Reputation: 7605
I am trying to reproduce the User Defined Aggregate Functions example provided at Spark SQL Guide.
The only change I am adding with respect of the original code is the DataFrame creation:
import org.apache.spark.sql.{Encoder, Encoders, SparkSession}
import org.apache.spark.sql.expressions.Aggregator
case class Employee(name: String, salary: Long)
case class Average(var sum: Long, var count: Long)
object MyAverage extends Aggregator[Employee, Average, Double] {
// A zero value for this aggregation. Should satisfy the property that any b + zero = b
def zero: Average = Average(0L, 0L)
// Combine two values to produce a new value. For performance, the function may modify `buffer`
// and return it instead of constructing a new object
def reduce(buffer: Average, employee: Employee): Average = {
buffer.sum += employee.salary
buffer.count += 1
buffer
}
// Merge two intermediate values
def merge(b1: Average, b2: Average): Average = {
b1.sum += b2.sum
b1.count += b2.count
b1
}
// Transform the output of the reduction
def finish(reduction: Average): Double = reduction.sum.toDouble / reduction.count
// Specifies the Encoder for the intermediate value type
def bufferEncoder: Encoder[Average] = Encoders.product
// Specifies the Encoder for the final output value type
def outputEncoder: Encoder[Double] = Encoders.scalaDouble
}
val originalDF = Seq(
("Michael", 3000),
("Andy", 4500),
("Justin", 3500),
("Berta", 4000)
).toDF("name", "salary")
+-------+------+
|name |salary|
+-------+------+
|Michael|3000 |
|Andy |4500 |
|Justin |3500 |
|Berta |4000 |
+-------+------+
When I try to use this UDAFs with Spark SQL (Second option the documentation)
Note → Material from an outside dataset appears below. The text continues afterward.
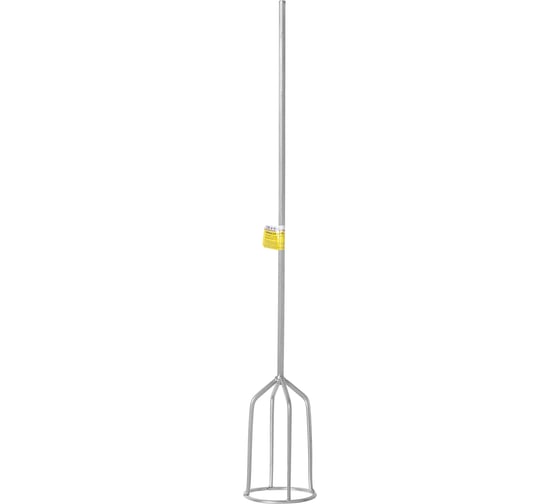 Миксер тип E, 80x530 мм РемоКолор 18-2-032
spark.udf.register("myAverage", functions.udaf(MyAverage))
originalDF.createOrReplaceTempView("employees")
val result = spark.sql("SELECT myAverage(salary) as average_salary FROM employees")
result.show()
Everything goes as expected:
+--------------+
|average_salary|
+--------------+
| 3750.0|
+--------------+
However, when I try to use the approach which converts the function to a TypedColumn
:
val averageSalary = MyAverage.toColumn.name("average_salary")
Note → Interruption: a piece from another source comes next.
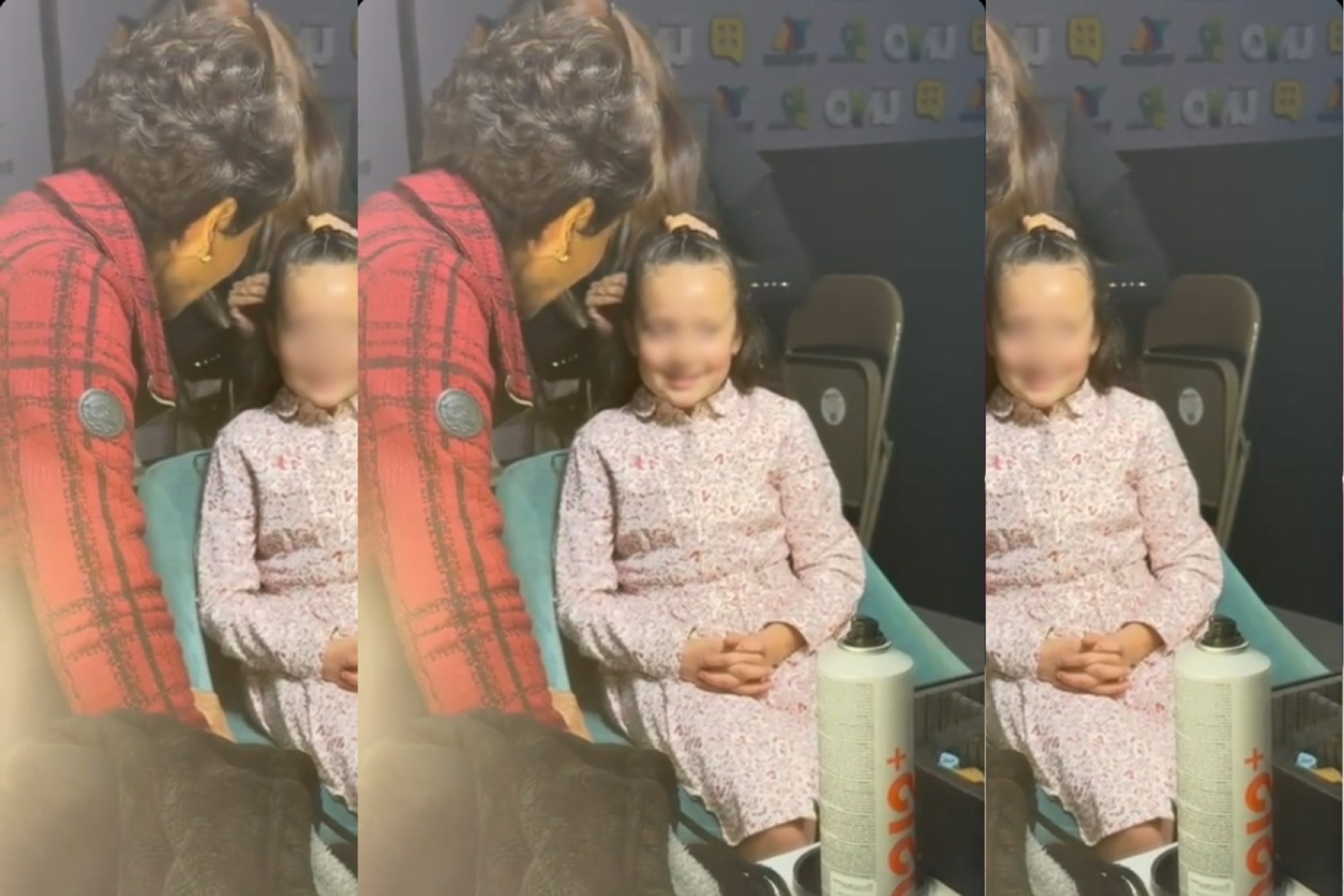 Pati Chapoy se reencuentra con Michaela Bisogno durante celebración de Día de Reyes en Ventaneando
val result = originalDF.as[Employee].select(averageSalary)
result.show()
I am getting the following Exception:
Job aborted due to stage failure.
Caused by: NotSerializableException: org.apache.spark.sql.TypedColumn
Serialization stack:
- object not serializable (class: org.apache.spark.sql.TypedColumn, value: myaverage(knownnotnull(assertnotnull(input[0, $line24f4d7b3f7f54dfc89ae8e2757da4abf39.$read$$iw$$iw$$iw$$iw$$iw$$iw$Average, true])).sum AS sum, knownnotnull(assertnotnull(input[0, $line24f4d7b3f7f54dfc89ae8e2757da4abf39.$read$$iw$$iw$$iw$$iw$$iw$$iw$Average, true])).count AS count, newInstance(class $line24f4d7b3f7f54dfc89ae8e2757da4abf39.$read$$iw$$iw$$iw$$iw$$iw$$iw$Average), boundreference()) AS average_salary)
- field (class: $line24f4d7b3f7f54dfc89ae8e2757da4abf39.$read$$iw$$iw$$iw$$iw$$iw$$iw, name: averageSalary, type: class org.apache.spark.sql.TypedColumn)
- object (class $line24f4d7b3f7f54dfc89ae8e2757da4abf39.$read$$iw$$iw$$iw$$iw$$iw$$iw, $line24f4d7b3f7f54dfc89ae8e2757da4abf39.$read$$iw$$iw$$iw$$iw$$iw$$iw@1254d4c6)
- field (class: $line24f4d7b3f7f54dfc89ae8e2757da4abf39.$read$$iw$$iw$$iw$$iw$$iw$$iw$MyAverage$, name: $outer, type: class $line24f4d7b3f7f54dfc89ae8e2757da4abf39.$read$$iw$$iw$$iw$$iw$$iw$$iw)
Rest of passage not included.